Scheme To Wreck U.S. National Security

by Jeffrey Steinberg

On Oct. 9, 2004, two leading American figures in the International Synarchy, George Shultz and Felix Rohatyn, teamed up in an assault upon the national sovereignty and national security of the United States. Under the auspices of George P. Shultz's Princeton Project on National Security, the Rohatyn Center for International Affairs at Middlebury College, and the Woodrow Wilson School of Public and International Affairs at Princeton University, jointly sponsored a conference promoting "The Privatization of National Security," at the Middlebury College campus in Vermont. The conference brought together a dozen or so academics, former government officials, and retired military officers to chart out the vast expansion of the privatization of military functions, through PMCs—private military companies.

According to the Rohatyn Center's annual report of 2004-05, Shultz is the co-chairman of the Princeton Project, which is funded by the Ford Foundation, and "aims to move beyond the ... standard ways of thinking about national security." Translated into plain English, Shultz and Rohatyn are leading the drive to eliminate the sovereign nation-state, by outsourcing to private multinational corporations, virtually all national security and military functions, including all non-combat and some core combat functions of the military itself.

In line with the Shultz-Rohatyn scheme—and under the umbrella of "privatization"—the so-called Global War on Terrorism (GWOT of Secretary of Defense Donald Rumsfeld, former Deputy Secretary of Defense Paul Wolfowitz (now president of the World Bank), and Undersecretary of Defense for Intelligence Stephen Cambone, has already transformed segments of the U.S. military into a carbon-copy of Hitler's Allgemeine SS [see article], deploying quasi-private bands of commandos around the globe with a license to kill, and engaging in a massive spying campaign against American citizens, far beyond anything Richard Nixon envisioned in his most paranoid moments.

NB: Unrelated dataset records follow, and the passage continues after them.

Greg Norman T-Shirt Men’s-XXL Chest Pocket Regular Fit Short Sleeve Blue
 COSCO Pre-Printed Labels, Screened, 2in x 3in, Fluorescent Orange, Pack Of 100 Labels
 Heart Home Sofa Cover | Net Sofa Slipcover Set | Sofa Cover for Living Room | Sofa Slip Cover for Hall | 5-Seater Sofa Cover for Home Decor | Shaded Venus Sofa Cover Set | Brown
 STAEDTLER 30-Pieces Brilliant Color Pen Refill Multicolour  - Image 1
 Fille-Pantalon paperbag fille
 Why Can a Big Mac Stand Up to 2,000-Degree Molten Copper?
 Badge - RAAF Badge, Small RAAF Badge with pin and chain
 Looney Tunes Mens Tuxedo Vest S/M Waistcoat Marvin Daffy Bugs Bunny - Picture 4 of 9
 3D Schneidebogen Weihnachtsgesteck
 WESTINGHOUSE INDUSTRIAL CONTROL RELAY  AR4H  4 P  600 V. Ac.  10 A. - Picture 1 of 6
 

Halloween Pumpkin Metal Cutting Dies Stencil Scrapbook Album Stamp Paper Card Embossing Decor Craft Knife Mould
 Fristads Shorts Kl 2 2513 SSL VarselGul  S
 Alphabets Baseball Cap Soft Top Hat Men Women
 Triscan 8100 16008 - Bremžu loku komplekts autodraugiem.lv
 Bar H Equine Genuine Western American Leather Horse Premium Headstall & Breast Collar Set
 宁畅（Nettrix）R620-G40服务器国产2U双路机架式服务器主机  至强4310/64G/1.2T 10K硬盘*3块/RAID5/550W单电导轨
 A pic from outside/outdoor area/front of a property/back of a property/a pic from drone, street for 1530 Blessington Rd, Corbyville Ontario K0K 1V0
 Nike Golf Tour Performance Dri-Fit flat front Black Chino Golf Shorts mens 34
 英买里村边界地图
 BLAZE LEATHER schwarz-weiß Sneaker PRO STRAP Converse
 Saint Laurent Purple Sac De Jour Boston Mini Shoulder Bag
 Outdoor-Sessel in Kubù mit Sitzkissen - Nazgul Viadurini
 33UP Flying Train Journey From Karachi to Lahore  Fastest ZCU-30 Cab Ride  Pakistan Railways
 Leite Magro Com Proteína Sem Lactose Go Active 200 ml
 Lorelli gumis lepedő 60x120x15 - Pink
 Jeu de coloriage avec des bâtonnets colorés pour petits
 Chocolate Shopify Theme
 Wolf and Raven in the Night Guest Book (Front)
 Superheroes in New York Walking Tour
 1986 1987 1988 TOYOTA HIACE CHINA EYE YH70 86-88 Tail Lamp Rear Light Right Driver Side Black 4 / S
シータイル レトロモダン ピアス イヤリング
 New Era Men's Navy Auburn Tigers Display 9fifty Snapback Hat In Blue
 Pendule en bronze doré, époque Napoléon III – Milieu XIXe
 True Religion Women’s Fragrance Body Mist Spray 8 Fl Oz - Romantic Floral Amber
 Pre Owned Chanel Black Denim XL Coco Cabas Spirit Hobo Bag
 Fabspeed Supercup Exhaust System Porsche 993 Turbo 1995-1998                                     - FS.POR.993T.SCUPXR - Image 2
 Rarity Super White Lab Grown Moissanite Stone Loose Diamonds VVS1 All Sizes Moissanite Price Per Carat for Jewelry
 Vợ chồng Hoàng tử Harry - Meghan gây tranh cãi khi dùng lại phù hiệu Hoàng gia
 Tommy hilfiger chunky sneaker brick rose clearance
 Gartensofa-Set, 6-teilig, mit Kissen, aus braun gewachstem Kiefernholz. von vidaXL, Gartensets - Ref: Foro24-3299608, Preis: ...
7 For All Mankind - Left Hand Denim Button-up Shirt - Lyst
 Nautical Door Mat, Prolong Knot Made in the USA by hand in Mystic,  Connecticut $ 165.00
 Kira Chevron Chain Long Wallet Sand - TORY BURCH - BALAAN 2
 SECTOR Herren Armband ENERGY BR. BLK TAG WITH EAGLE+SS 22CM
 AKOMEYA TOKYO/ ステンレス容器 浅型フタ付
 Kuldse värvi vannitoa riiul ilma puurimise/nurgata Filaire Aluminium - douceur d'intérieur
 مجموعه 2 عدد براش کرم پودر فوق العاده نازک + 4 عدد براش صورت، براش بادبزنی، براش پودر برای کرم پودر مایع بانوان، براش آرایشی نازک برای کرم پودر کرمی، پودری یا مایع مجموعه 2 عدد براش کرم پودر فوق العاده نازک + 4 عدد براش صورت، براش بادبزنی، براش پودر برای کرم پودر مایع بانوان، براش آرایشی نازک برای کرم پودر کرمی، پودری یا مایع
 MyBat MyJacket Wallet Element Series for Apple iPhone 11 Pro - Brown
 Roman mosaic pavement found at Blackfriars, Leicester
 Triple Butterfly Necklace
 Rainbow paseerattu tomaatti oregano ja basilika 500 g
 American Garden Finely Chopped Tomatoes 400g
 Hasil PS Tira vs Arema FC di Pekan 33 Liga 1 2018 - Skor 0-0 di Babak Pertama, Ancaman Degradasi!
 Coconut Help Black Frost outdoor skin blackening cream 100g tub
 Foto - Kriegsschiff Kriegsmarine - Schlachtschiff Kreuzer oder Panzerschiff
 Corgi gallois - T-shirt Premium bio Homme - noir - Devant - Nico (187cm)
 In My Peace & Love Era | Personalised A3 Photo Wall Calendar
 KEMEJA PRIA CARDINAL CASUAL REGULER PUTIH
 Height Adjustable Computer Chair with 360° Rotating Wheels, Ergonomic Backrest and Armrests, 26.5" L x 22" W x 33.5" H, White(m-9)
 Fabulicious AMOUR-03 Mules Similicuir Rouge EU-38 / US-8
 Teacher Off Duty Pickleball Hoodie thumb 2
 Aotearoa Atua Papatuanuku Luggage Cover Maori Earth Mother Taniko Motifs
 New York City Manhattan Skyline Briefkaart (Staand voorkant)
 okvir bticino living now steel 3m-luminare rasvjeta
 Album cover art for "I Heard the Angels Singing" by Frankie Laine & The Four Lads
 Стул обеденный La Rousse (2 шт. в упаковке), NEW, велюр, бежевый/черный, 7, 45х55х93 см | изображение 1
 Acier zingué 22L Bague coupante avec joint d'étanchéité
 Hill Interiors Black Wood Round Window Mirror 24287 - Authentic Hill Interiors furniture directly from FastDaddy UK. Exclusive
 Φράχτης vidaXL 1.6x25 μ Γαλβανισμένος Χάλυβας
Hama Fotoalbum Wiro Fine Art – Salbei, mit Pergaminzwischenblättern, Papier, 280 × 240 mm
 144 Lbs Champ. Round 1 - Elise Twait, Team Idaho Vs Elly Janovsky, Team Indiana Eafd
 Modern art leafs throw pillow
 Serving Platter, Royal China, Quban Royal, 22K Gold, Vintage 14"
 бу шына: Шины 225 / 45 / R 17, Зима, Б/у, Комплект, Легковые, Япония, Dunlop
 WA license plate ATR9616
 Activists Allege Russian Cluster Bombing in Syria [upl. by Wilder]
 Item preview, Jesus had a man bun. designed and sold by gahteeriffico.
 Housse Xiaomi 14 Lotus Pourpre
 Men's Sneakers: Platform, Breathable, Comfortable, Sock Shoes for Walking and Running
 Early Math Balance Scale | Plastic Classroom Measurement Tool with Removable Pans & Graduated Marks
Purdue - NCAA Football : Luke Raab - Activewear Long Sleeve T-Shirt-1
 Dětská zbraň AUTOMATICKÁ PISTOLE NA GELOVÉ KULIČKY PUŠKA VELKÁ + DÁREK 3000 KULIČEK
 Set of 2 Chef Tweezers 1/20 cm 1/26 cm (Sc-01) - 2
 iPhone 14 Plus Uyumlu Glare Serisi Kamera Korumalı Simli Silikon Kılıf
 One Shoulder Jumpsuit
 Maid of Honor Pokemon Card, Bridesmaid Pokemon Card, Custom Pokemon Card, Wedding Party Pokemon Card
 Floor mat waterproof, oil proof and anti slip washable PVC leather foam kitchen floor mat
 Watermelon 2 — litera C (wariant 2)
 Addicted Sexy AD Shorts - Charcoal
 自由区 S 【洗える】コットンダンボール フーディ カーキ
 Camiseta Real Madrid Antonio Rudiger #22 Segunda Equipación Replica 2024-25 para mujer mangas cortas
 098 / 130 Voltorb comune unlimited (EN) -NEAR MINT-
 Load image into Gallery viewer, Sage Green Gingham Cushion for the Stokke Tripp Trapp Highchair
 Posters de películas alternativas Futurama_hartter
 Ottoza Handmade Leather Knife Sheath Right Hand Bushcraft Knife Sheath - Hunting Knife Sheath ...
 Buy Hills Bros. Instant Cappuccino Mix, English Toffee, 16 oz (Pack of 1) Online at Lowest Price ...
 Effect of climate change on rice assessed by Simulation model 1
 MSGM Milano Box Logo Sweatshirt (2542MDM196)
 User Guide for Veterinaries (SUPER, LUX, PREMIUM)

According to one well-placed U.S. military source, Rumsfeld has recently radically altered the personnel regulations of the Special Operations Command, allowing Green Berets, Navy Seals, Delta Force commandos, and other "spec ops" troops, to "temporarily" retire from the military service, go to work for private contractors, and later return to active duty—with no loss of rank or service time. If this report is true, Rumsfeld has smashed the wall of separation between active-duty special forces soldiers on the one side, and mercenaries and terrorists on the other.

Neo-Feudalism

The general theme of the Rohatyn-hosted conference was summed up by Peter Feaver, the director of the Triangle Institute for Security Studies at Duke University, who gushed, "In fact, what we're seeing is a return to neo-feudalism. If you think about how the East India Company played a role in the rise of the British Empire, there are similar parallels to the rise of the American quasi-empire" (see article).

Feaver is no mere think-tank quackademic. In June 2005, he was brought on to the National Security Council as a "special advisor for strategic planning and institutional reform," a post he will hold at least through August 2006. Feaver was the principal author of the Bush Administration's "National Strategy for Victory in Iraq," a 35-page public document released by the White House on Nov. 30, 2005, as President George W. Bush was addressing the U.S. Naval Academy in Annapolis, Md. Feaver, whose Triangle Institute conducts public opinion polls on national security issues, argued that Americans could be snookered into accepting high rates of casualties and vast costs of war, for an indefinite period of time, so long as they were convinced that there was a plan for "victory." No need to clue in the American people, or even the military brass, for that matter, on the fact that the goal is "neo-feudalism," as he boasted in front of the Rohatyn-selected crowd at Middlebury.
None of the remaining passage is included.